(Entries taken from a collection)
______________________________
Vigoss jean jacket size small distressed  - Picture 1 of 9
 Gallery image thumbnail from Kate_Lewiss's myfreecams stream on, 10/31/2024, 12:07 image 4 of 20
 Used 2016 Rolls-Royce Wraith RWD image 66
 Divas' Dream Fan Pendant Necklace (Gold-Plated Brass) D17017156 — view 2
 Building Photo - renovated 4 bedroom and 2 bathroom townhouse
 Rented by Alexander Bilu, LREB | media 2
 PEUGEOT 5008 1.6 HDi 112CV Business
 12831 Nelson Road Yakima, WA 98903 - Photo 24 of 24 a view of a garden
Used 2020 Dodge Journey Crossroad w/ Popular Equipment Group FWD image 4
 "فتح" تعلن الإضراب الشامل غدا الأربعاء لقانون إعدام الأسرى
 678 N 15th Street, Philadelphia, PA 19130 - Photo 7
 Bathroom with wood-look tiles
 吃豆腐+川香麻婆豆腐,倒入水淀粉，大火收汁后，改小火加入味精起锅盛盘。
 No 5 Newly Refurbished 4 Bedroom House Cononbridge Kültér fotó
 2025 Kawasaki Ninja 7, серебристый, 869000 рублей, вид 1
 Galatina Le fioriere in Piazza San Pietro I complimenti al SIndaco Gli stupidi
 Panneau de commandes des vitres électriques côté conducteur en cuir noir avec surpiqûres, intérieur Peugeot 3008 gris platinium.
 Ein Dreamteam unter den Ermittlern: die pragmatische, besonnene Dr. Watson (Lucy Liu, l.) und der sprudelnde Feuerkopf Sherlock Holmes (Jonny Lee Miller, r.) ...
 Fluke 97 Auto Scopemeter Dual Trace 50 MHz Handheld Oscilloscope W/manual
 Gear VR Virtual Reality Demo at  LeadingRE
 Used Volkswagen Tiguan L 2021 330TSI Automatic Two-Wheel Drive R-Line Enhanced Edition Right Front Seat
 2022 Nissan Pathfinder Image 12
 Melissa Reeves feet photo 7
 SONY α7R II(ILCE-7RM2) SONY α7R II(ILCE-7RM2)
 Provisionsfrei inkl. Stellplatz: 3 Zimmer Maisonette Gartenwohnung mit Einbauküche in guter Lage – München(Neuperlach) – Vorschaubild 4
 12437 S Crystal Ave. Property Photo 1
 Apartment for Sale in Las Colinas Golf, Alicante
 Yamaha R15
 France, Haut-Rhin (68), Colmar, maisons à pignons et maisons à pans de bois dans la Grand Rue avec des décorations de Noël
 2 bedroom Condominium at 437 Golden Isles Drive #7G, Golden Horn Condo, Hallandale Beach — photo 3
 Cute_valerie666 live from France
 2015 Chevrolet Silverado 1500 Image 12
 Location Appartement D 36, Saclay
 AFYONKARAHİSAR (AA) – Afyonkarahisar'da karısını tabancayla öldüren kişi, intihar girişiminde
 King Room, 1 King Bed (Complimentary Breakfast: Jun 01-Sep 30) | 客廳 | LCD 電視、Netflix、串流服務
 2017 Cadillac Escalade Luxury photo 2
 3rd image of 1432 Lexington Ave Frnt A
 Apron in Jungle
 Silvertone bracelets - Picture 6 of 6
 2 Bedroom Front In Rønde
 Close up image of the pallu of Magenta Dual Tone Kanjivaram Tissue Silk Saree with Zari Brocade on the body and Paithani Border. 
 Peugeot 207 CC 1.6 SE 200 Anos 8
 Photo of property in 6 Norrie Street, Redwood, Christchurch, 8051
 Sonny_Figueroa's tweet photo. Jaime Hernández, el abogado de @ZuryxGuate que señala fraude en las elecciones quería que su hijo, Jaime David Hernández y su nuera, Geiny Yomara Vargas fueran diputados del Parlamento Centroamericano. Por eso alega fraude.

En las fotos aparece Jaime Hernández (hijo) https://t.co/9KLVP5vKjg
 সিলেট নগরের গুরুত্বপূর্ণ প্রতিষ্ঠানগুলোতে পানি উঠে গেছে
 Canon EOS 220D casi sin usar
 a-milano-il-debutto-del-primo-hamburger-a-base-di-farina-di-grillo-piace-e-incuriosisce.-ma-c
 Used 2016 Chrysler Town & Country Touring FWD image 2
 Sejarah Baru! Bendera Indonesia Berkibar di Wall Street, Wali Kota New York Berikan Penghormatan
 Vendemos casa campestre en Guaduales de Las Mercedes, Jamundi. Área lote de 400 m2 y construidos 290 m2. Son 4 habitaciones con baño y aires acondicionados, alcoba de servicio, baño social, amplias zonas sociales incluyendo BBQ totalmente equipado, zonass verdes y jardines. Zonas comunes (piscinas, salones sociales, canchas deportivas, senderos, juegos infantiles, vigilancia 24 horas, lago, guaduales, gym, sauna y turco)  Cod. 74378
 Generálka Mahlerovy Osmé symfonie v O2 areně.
______________________________
- **WHAT YOU ARE ASKED TO DO**:
Word for word, restate all of the data shown above.

- **WRITTEN ANSWER**:
Vigoss jean jacket size small distressed  - Picture 1 of 9
 Gallery image thumbnail from Kate_Lewiss's myfreecams stream on, 10/31/2024, 12:07 image 4 of 20
 Used 2016 Rolls-Royce Wraith RWD image 66
 Divas' Dream Fan Pendant Necklace (Gold-Plated Brass) D17017156 — view 2
 Building Photo - renovated 4 bedroom and 2 bathroom townhouse
 Rented by Alexander Bilu, LREB | media 2
 PEUGEOT 5008 1.6 HDi 112CV Business
 12831 Nelson Road Yakima, WA 98903 - Photo 24 of 24 a view of a garden
Used 2020 Dodge Journey Crossroad w/ Popular Equipment Group FWD image 4
 "فتح" تعلن الإضراب الشامل غدا الأربعاء لقانون إعدام الأسرى
 678 N 15th Street, Philadelphia, PA 19130 - Photo 7
 Bathroom with wood-look tiles
 吃豆腐+川香麻婆豆腐,倒入水淀粉，大火收汁后，改小火加入味精起锅盛盘。
 No 5 Newly Refurbished 4 Bedroom House Cononbridge Kültér fotó
 2025 Kawasaki Ninja 7, серебристый, 869000 рублей, вид 1
 Galatina Le fioriere in Piazza San Pietro I complimenti al SIndaco Gli stupidi
 Panneau de commandes des vitres électriques côté conducteur en cuir noir avec surpiqûres, intérieur Peugeot 3008 gris platinium.
 Ein Dreamteam unter den Ermittlern: die pragmatische, besonnene Dr. Watson (Lucy Liu, l.) und der sprudelnde Feuerkopf Sherlock Holmes (Jonny Lee Miller, r.) ...
 Fluke 97 Auto Scopemeter Dual Trace 50 MHz Handheld Oscilloscope W/manual
 Gear VR Virtual Reality Demo at  LeadingRE
 Used Volkswagen Tiguan L 2021 330TSI Automatic Two-Wheel Drive R-Line Enhanced Edition Right Front Seat
 2022 Nissan Pathfinder Image 12
 Melissa Reeves feet photo 7
 SONY α7R II(ILCE-7RM2) SONY α7R II(ILCE-7RM2)
 Provisionsfrei inkl. Stellplatz: 3 Zimmer Maisonette Gartenwohnung mit Einbauküche in guter Lage – München(Neuperlach) – Vorschaubild 4
 12437 S Crystal Ave. Property Photo 1
 Apartment for Sale in Las Colinas Golf, Alicante
 Yamaha R15
 France, Haut-Rhin (68), Colmar, maisons à pignons et maisons à pans de bois dans la Grand Rue avec des décorations de Noël
 2 bedroom Condominium at 437 Golden Isles Drive #7G, Golden Horn Condo, Hallandale Beach — photo 3
 Cute_valerie666 live from France
 2015 Chevrolet Silverado 1500 Image 12
 Location Appartement D 36, Saclay
 AFYONKARAHİSAR (AA) – Afyonkarahisar'da karısını tabancayla öldüren kişi, intihar girişiminde
 King Room, 1 King Bed (Complimentary Breakfast: Jun 01-Sep 30) | 客廳 | LCD 電視、Netflix、串流服務
 2017 Cadillac Escalade Luxury photo 2
 3rd image of 1432 Lexington Ave Frnt A
 Apron in Jungle
 Silvertone bracelets - Picture 6 of 6
 2 Bedroom Front In Rønde
 Close up image of the pallu of Magenta Dual Tone Kanjivaram Tissue Silk Saree with Zari Brocade on the body and Paithani Border. 
 Peugeot 207 CC 1.6 SE 200 Anos 8
 Photo of property in 6 Norrie Street, Redwood, Christchurch, 8051
 Sonny_Figueroa's tweet photo. Jaime Hernández, el abogado de @ZuryxGuate que señala fraude en las elecciones quería que su hijo, Jaime David Hernández y su nuera, Geiny Yomara Vargas fueran diputados del Parlamento Centroamericano. Por eso alega fraude.

En las fotos aparece Jaime Hernández (hijo) https://t.co/9KLVP5vKjg
 সিলেট নগরের গুরুত্বপূর্ণ প্রতিষ্ঠানগুলোতে পানি উঠে গেছে
 Canon EOS 220D casi sin usar
 a-milano-il-debutto-del-primo-hamburger-a-base-di-farina-di-grillo-piace-e-incuriosisce.-ma-c
 Used 2016 Chrysler Town & Country Touring FWD image 2
 Sejarah Baru! Bendera Indonesia Berkibar di Wall Street, Wali Kota New York Berikan Penghormatan
 Vendemos casa campestre en Guaduales de Las Mercedes, Jamundi. Área lote de 400 m2 y construidos 290 m2. Son 4 habitaciones con baño y aires acondicionados, alcoba de servicio, baño social, amplias zonas sociales incluyendo BBQ totalmente equipado, zonass verdes y jardines. Zonas comunes (piscinas, salones sociales, canchas deportivas, senderos, juegos infantiles, vigilancia 24 horas, lago, guaduales, gym, sauna y turco)  Cod. 74378
 Generálka Mahlerovy Osmé symfonie v O2 areně.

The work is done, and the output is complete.